ここまで原発に危機感を持たず、否定的でない人たちや場所は、今の日本ではそうそう見かけない。

ただ、タイアン村の人たちが原発の安全性を積極的に支持しているかと言えば、そこは明らかに異なる。日本の現状も、原発が来る経緯も、今回の着工延期も、新聞やテレビで間接的に知るしかない閉ざされた原発情報。少なくとも知らされる話題の中に、強く反対すべき理由が見当たらないだけである。

さらに面はゆいが、日本人の高い技術力と国民性に寄せる信頼感が絶大だということだ。原発が安全だとする住民意識の形成には、「日本」という存在が大きく起因しているようにも見える。
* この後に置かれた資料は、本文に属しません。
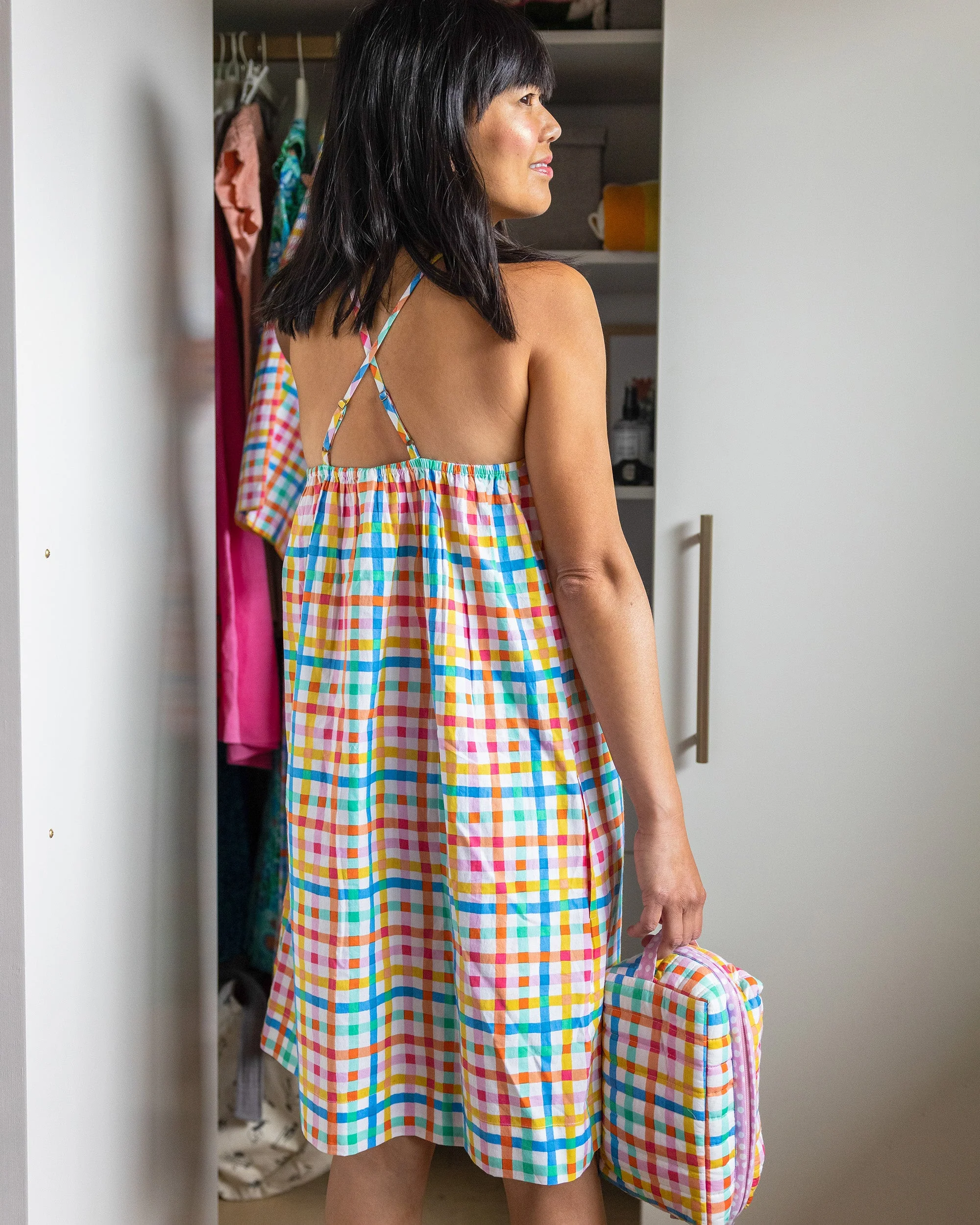 Printfresh + Oh Joy! - Plaid Picnic - Cami Nightgown | Citrus Squeeze - Image 3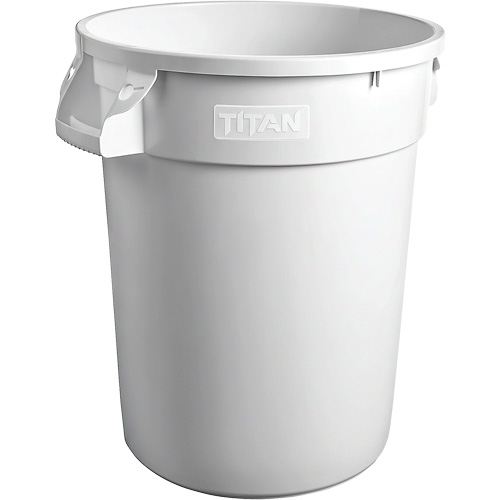 White Titan Heavy-Duty Garbage Container, Plastic, 32 US gal. Brunswick Fyr & Safety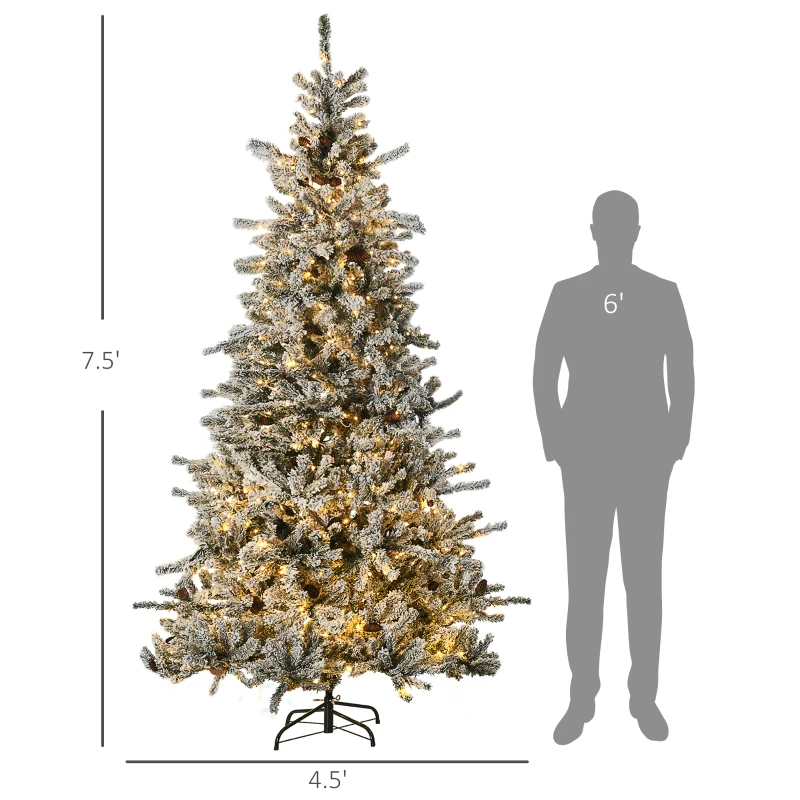 HOMCOM 7.5' Pre Lit Artificial Flocked Christmas Trees, with Snow Branches, Warm White LED Lights, Auto Open, Pine Cones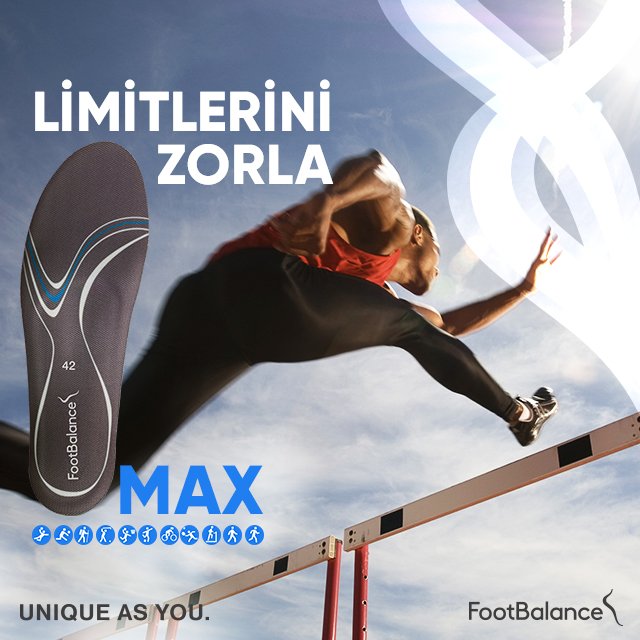 #FootBalance Max; yüksek darbeli aktiviteler, kilo fazlası olan kişiler ve sert ayakkabılar için %100 kişiye özel şekillendirilen mükemmel bir çözüm. FootBalance Analiz Merkezlerinde, ayak analizi dahil sadece 10 dakika içinde kullanıma hazır!
 #kişiyeözeltabanlık #max
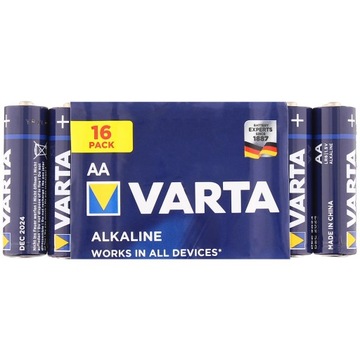 Baterie Bateria AA Varta 16szt Alkaliczna 1,5 volta LR6 1.5V
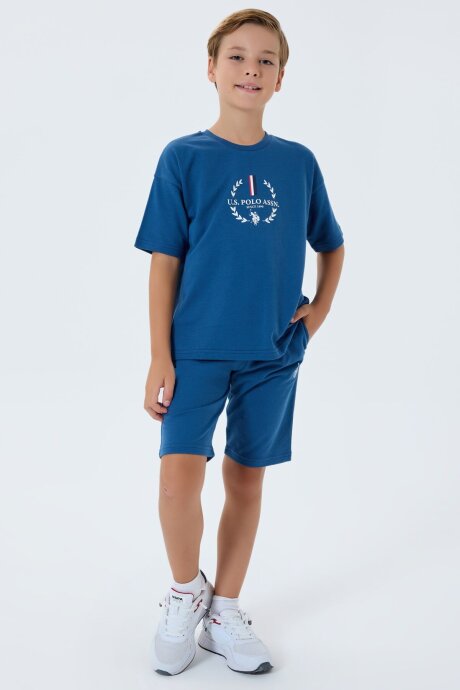 U.S. Polo Assn. Erkek Çocuk %100 Pamuk Bisiklet Yaka Nakışlı Yazlık Regular Fit Lacivert Bermuda Takım US2408-C-V2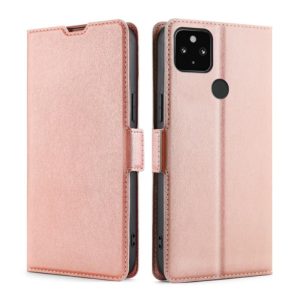 For Google Pixel 5 XL 4G & 5G / Pixel 4a 5G Ultra-thin Voltage Side Buckle PU + TPU Horizontal Flip Leather Case with Holder & Card Slot(Rose Gold) (OEM)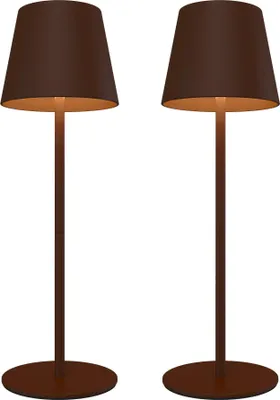 Produktbild von Ledvion – 2x Wiederaufladbare LED-Tischleuchte, Braun, Dimmbar 2700K-5000K, 200 Lumen, IP54 Spritzwassergeschützt, 4400mAh Akku, Touch-Steuerung, Einstellbar, USB-C, Innen- & Außenbereich, Nyra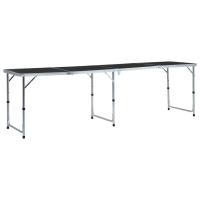 vidaXL Mesa de Camping Plegable Aluminio 240x60 cm Senderismo Terraza Jardín Color Marrón,  Gris, y mas - details 1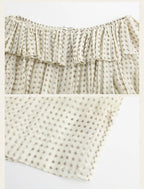 White Paisley Ruffle Collar Blouse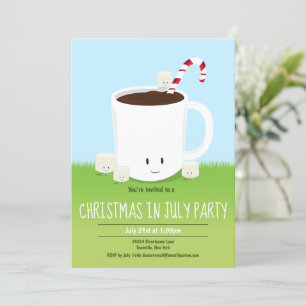 Noël mignon en juillet Fête Invitation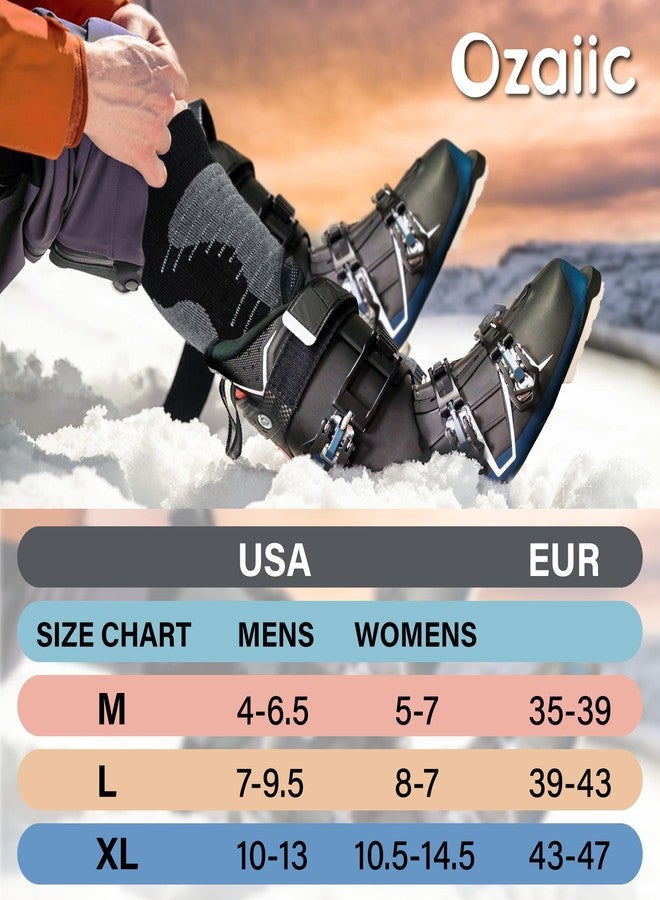 Ozaiic Merino Wool Ski Socks Mens Womens 2 Pairs for Skiing, Snowboarding, Thermal Knee High Winter Warm Sports Performance Socks - Image 4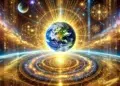 Imagem cósmica da Terra cercada por energia dourada e azul-índigo, com raios de luz conectando o planeta a estrelas distantes — representando a ascensão espiritual de Urântia e sua reconexão com a rede universal.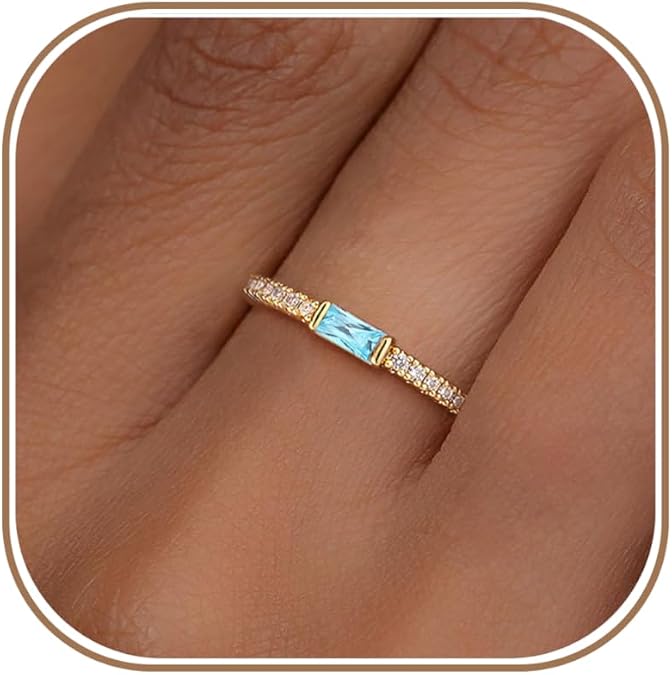 RLMOON Birthstone Gold Rings for Women 14K Gold Plated Stackable Ring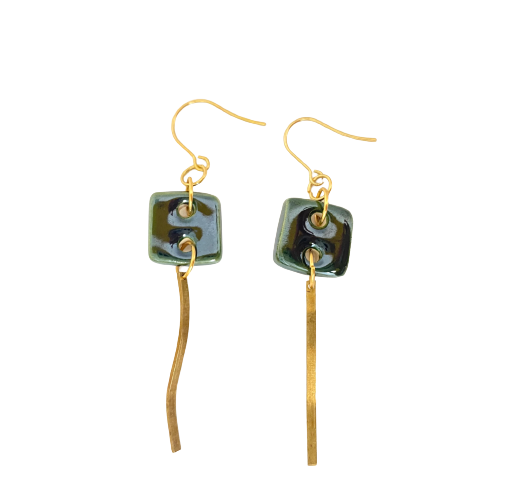 Square and a line Earrings (different colors)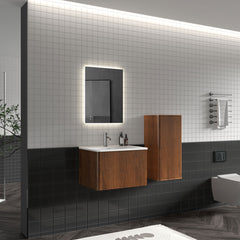 Floating Bathroom Vanity with Ceramic Sink, 24 in, Walnut with Matte White Top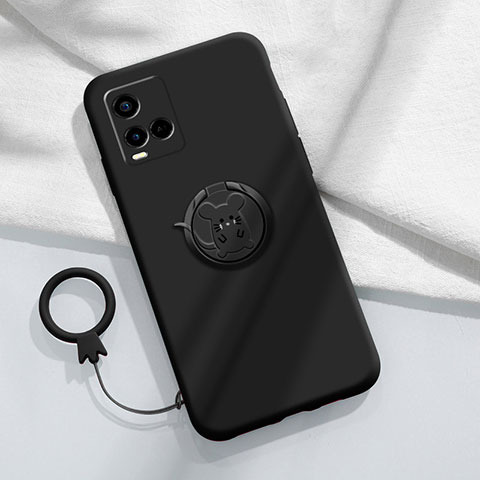 Coque Ultra Fine Silicone Souple Housse Etui avec Support Bague Anneau Aimante Magnetique S01 pour Vivo Y21s Noir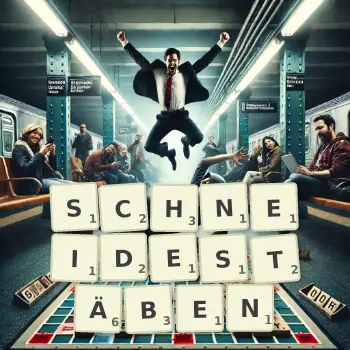 Kreative Illustration für ein Scrabble-Spiel, bei dem das Wort SCHNEIDESTÄBEN mit Steinen auf dem Brett gelegt wurde.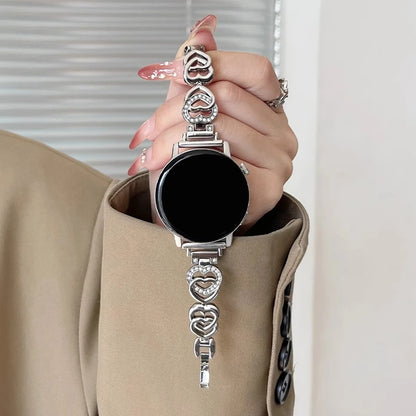 Band For Samsung Galaxy Watch 5/4 6 Classic 5 Pro Fashion Dual Heart Metal Bracelet Strap For Amazfit Bip/GTS Huawei GT2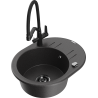 Mexen Kevin 1-bowl granite kitchen sink with Duo faucet, speckled black - 6517-76-671701-70-B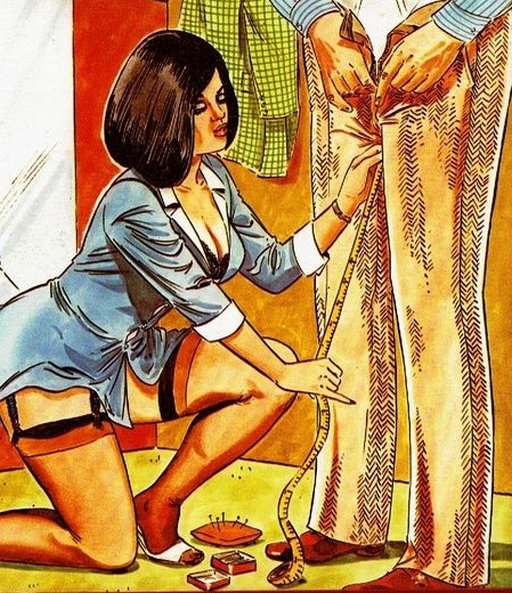 sexy tailor or shop girl kneeling to measure his inseam as he zips up or unzips his pants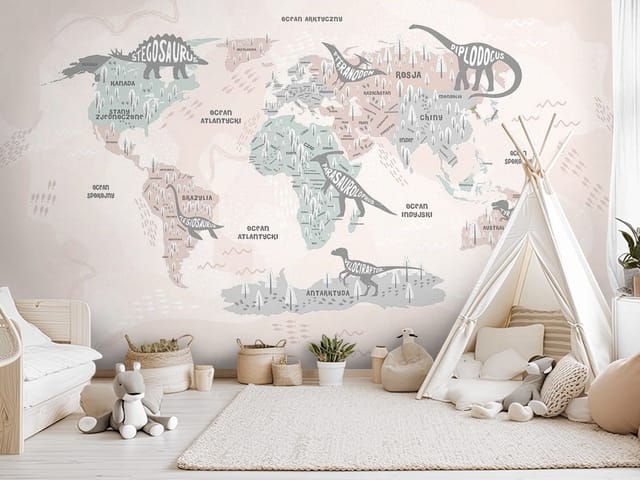 Fototapeta Mapa świata z dinozaurami dla dzieci (mpn: FT-8266) Fototapeta mapy dziecięce – ilustracja mapy świata z dinozaurami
まさにそれは“安全神話”だった。すでに日本では瓦解した「原発は絶対に安全」「決して原発事故は起きない」などという実態なき妄信である。タイアン村にはそれがまるで亡霊のように人々の間を漂っていた。

日本に行った村人たち

グォーさんは日本を訪れたことがあるという。

東日本大震災前の2010年夏、「日本の電力会社」の招きで、稼働中の原発を見学しに行ったという。彼によれば、東京にある電力会社と3つの原発を視察し、そこに「福島」も含まれたいたらしい。

タイアン村からは村長と、村の老人会代表であるグォーさんの2人が参加した。まだタイアン村は原発建設地のひとつとして検討されている段階だったが、ほかの候補地の住民とともに日本での原発視察は行われた。ちなみに、ロシアと日本が受注を争っていた第1原発についても、建設予定だったニントアン省のフックジン村周辺からはグォーさん同様に数人が日本に招かれている。

当時、立地の可能性のあった地域の住民は、こぞって日本の原発視察に呼ばれていたのかもしれない。

いずれの場所でも原発の安全性が日本側から喧伝された。ベトナムに帰ってからそれを伝えることもお願いされたという。

かつて日本の原発予定地域では、まず地元議員や有力者を国内外の原発に連れていく「先進地視察」が盛んに行われていた。実際は電源立地交付金などを使った無料の観光旅行で、「買収ツアー」などと批判の声もあった。日本の原発建設の現場で続けられてきたこの常套手法は、どうやらベトナムでも踏襲されていたようだ。

「日本で印象的だったのは、原発の近くに住む人から聞かされた話だ。その人は、原発には小さなトラブルはあっても大きな事故はないと言っていた。とても安心したよ」(グォーさん)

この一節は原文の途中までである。